September, 22 2022, 12:16pm EDT
For Immediate Release
Contact:
Lisa Frank, Environment America Washington Legislative Office Executive Director, 503-758-0712, lfrank@environmentamerica.org Â
Matt Casale, U.S. PIRG Environment Campaigns Director, 609-610-8002, mcasale@pirg.org
Mark Morgenstein, Media Relations Director, 678-427-1671, markm@publicinterestnetwork.
New Bill Could Expedite Projects That Would Pollute America
WASHINGTON
Sen. Joe Manchin (WV) proposed on Wednesday new legislation aimed at speeding up the permitting and construction of energy projects, including pipelines, mining and transmission lines. Key provisions of the bill:
- Instruct federal agencies to regularly identify and propose new "categorical exclusions"-- projects or project types that would no longer be subject to environmental and public review under the National Environmental Policy Act (NEPA)
- Instruct federal agencies to complete major project reviews within two years on average, and bar them from extending review more than one year beyond their original estimated completion time. The bill also would allow agencies to shorten public comment periods.
- Restrict the timeline and scope of state reviews of Clean Water Act permits, to one year from the date the application was received for most projects, and bar consideration of air quality impacts. Air pollution can have a significant impact on waterways. For example, atmospheric nitrogen is a major source of nitrogen in the Chesapeake Bay. High levels of nitrogen can lead to algal blooms, which starve waters of oxygen and results in fish die-offs.

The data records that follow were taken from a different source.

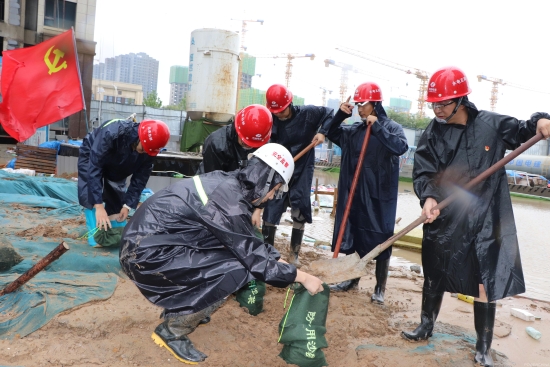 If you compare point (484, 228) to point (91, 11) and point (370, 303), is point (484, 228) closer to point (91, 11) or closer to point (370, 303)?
point (370, 303)

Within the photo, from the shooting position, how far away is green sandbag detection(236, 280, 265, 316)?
357 centimetres

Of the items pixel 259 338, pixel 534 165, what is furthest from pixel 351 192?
pixel 534 165

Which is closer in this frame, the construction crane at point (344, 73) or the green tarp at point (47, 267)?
the green tarp at point (47, 267)

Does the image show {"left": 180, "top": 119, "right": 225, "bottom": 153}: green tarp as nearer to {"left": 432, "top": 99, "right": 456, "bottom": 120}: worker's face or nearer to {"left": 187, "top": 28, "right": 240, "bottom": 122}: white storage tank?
{"left": 187, "top": 28, "right": 240, "bottom": 122}: white storage tank

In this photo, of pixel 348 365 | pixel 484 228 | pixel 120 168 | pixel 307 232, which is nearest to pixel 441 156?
pixel 484 228

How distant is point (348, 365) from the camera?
2.91 m

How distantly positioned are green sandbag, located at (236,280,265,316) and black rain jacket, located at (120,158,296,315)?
3.04ft

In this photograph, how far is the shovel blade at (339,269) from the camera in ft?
11.3

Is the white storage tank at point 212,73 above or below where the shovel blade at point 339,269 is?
above

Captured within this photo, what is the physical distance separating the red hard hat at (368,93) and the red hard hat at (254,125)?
101cm

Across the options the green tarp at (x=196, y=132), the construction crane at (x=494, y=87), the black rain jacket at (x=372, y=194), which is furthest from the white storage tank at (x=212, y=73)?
the construction crane at (x=494, y=87)

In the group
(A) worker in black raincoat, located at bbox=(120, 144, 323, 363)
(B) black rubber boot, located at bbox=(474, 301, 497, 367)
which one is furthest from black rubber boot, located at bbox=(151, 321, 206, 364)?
(B) black rubber boot, located at bbox=(474, 301, 497, 367)

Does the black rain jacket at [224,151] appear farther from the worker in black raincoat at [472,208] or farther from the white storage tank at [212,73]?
the white storage tank at [212,73]

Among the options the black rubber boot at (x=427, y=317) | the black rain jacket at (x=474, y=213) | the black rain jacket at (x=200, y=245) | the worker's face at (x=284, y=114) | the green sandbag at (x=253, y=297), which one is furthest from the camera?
the worker's face at (x=284, y=114) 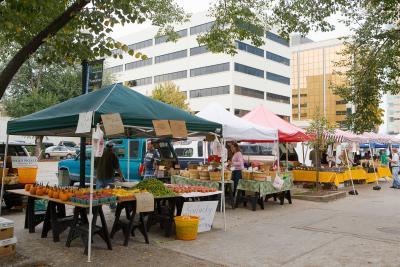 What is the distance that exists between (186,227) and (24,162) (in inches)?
222

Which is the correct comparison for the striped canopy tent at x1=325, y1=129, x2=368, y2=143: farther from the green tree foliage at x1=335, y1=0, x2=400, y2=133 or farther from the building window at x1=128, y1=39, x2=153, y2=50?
the building window at x1=128, y1=39, x2=153, y2=50

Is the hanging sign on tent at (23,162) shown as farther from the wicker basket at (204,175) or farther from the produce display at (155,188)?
the wicker basket at (204,175)

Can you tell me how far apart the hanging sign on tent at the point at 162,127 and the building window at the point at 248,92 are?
161 ft

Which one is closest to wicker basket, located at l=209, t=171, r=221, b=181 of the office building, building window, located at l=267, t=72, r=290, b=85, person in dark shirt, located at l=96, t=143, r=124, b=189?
person in dark shirt, located at l=96, t=143, r=124, b=189

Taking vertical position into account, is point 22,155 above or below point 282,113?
below

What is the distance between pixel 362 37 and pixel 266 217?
7.36 meters

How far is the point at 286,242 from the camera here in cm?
778

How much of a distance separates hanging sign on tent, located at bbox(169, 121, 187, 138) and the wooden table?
1955 millimetres

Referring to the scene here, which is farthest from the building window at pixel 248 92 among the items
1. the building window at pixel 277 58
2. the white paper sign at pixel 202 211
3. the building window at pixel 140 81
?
the white paper sign at pixel 202 211

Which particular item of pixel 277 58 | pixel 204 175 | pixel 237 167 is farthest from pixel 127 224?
pixel 277 58

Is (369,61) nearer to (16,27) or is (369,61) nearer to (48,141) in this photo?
(16,27)

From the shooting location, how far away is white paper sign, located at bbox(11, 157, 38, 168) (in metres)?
10.9

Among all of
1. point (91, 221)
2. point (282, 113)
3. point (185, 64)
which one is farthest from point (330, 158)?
point (282, 113)

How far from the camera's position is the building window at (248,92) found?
186 feet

- Allow the federal government to permit some power transmission lines over the objection of states where the lines are located.
- Require full authorization for the Mountain Valley Pipeline, a 303-mile pipeline running fracked gas through West Virginia, Virginia and North Carolina. It has repeatedly polluted streams and violated the Clean Water Act in Virginia, requires clearing 4,856 acres of forest, and is expected to produce as much planet-warming pollution as 26 coal plants. The bill also bars judicial review of the project, which has faced numerous legal challenges.
Sens. Manchin and Schumer agreed to pass legislation to speed up permitting -- which will eventually weaken environmental protections -- in exchange for enacting the Inflation Reduction Act, which is estimated to reduce greenhouse gas emissions to 40 percent below 2005 levels by 2030 via clean energy tax credits and other programs. However, dozens of members of Congress have come out in opposition to the permitting portion of the deal as more details have come to light.
Lisa Frank, executive director of Environment America's Washington Legislative Office, released the following statement:
"'Move fast and break things' was a questionable approach for a social media company, but it's even more suspect when applied to projects that could irreversibly harm our environment. Underlying this bill is an assumption that building more pipelines, mining more of our public lands and drilling more in our oceans is a national good, one we should seek to speed up as much as possible. But when we're developing two football fields worth of wild lands every minute, when we're already suffering the impacts of climate change and when we waste so much of the energy we produce, faster is often not better. That's certainly the case for the Mountain Valley Pipeline, which is wrecking forests and streams all for the sake of piping highly potent greenhouse gases into more communities, many in the state of Virginia, which committed to achieving 100 percent clean electricity by 2045.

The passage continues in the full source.